One hundred years ago, today, the 18th Amendment to the United States Constitution took effect, on 17 January 1920.
Its issue, National Prohibition, would remain in effect for thirteen years. Beer, wine, and distilled spirits had become unconstitutional.
18th Amendment to the Constitution of the United States of America
Section 1. After one year from the ratification of this article the manufacture, sale, or transportation of intoxicating liquors within, the importation thereof into, or the exportation thereof from the United States and all the territory subject to the jurisdiction thereof for beverage purposes is hereby prohibited.
Section 2. The Congress and the several States shall have concurrent power to enforce this article by appropriate legislation.
Section 3.This article shall be inoperative unless it shall have been ratified as an amendment to the Constitution by the legislatures of the several States, as provided in the Constitution, within seven years from the date of the submission hereof to the States by the Congress.
Prohibition actually had passed a year earlier, on 16 January 1919, when the Nebraska legislature became the 36th state to approve the amendment, satisfying the Constitution's 2/3-of-the-states requirement. The amendment's wording mandated a year's delay until implementation. Praise be to the enlightened citizens of Connecticut and Rhode Island: their states were the only to vote nay.
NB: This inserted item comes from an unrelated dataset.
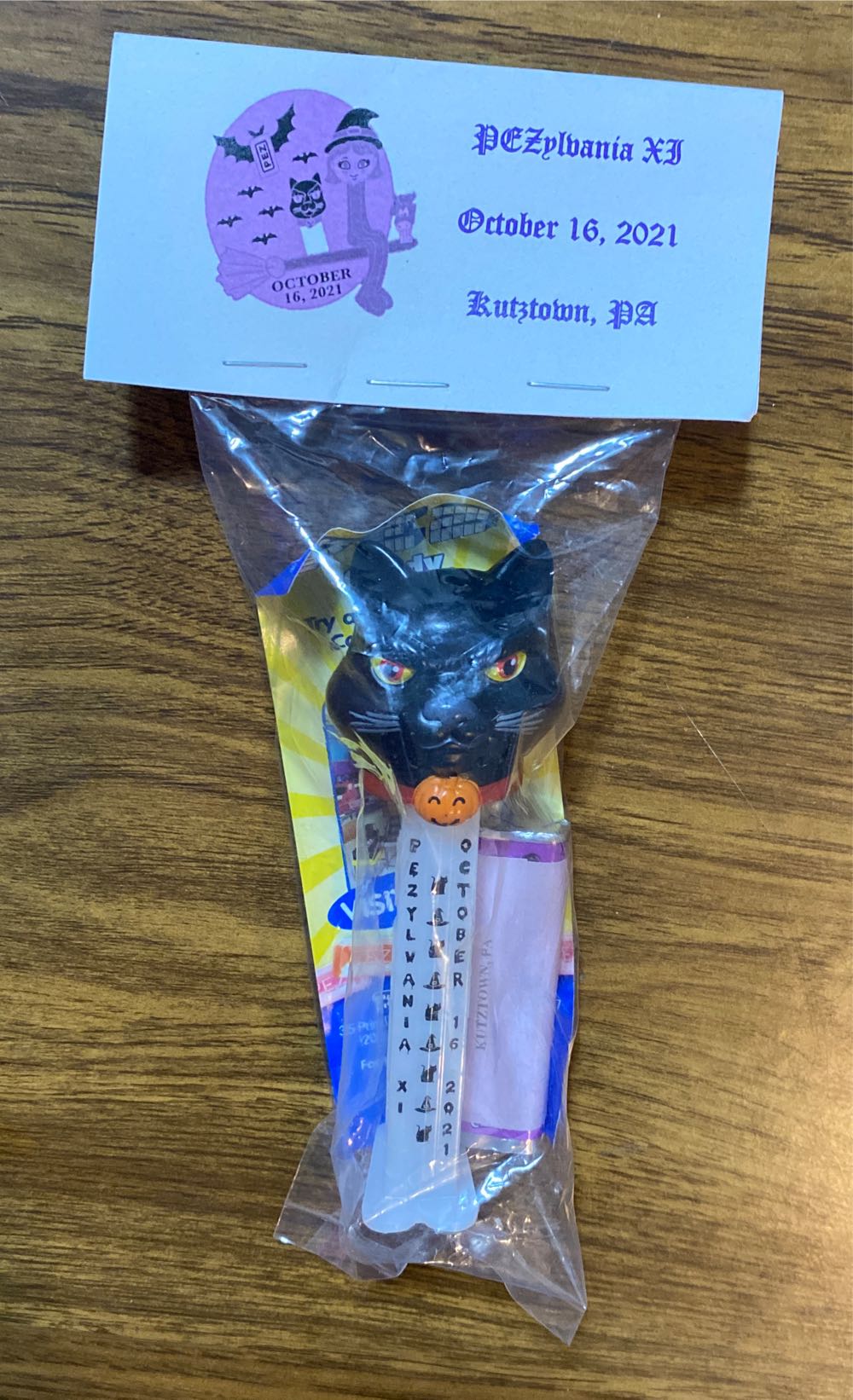 Leonardo (Happy/Yellow)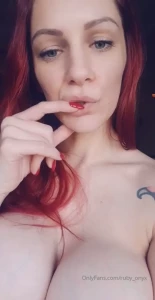 💋𝙍𝙪𝙗𝙮 𝙊𝙣𝙮𝙭💋 [ ruby_onyx ] Onlyfans leaked video 5672420 on Hotleaks.tv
To this day, the 18th Amendment remains the only amendment to the Constitution that eliminates rights. It did not, however, prohibit the drinking of "intoxicating beverages," 'merely' their manufacture, inter-state distribution, and sale. In its collective wisdom, Congress, authorized by section 2, defined an intoxicating beverage as anything containing in excess of one half of one percent alcohol by volume. That was, of course, just enough.
Prohibition would not be repealed until 5 December 1933, with the adoption of the superseding 21st Amendment.
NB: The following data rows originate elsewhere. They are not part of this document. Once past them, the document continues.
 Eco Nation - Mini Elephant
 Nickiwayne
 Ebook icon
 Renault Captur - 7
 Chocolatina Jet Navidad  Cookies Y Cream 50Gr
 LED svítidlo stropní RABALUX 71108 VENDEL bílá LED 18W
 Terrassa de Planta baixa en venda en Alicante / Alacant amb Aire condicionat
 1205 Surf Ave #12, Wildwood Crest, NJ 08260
Who or what was responsible? Distilling an answer might be reductive sociology, but four movers stand above the others: the alcohol industry itself, the Women's Christian Temperance Union, The Anti-Saloon League, and the 16th Amendment.
About the last, first. Since the Civil War, the federal government had been growing hand-in-hand with a bourgeoning population. Revenue from excise taxes and other fees had become insufficient. The 16th Amendment, ratified in 1916, constitutionalized the income tax, which up to that time, the Supreme Court had repeatedly disallowed. Its passage made excise taxes less integral. (Were that viewpoint as sanguine today!)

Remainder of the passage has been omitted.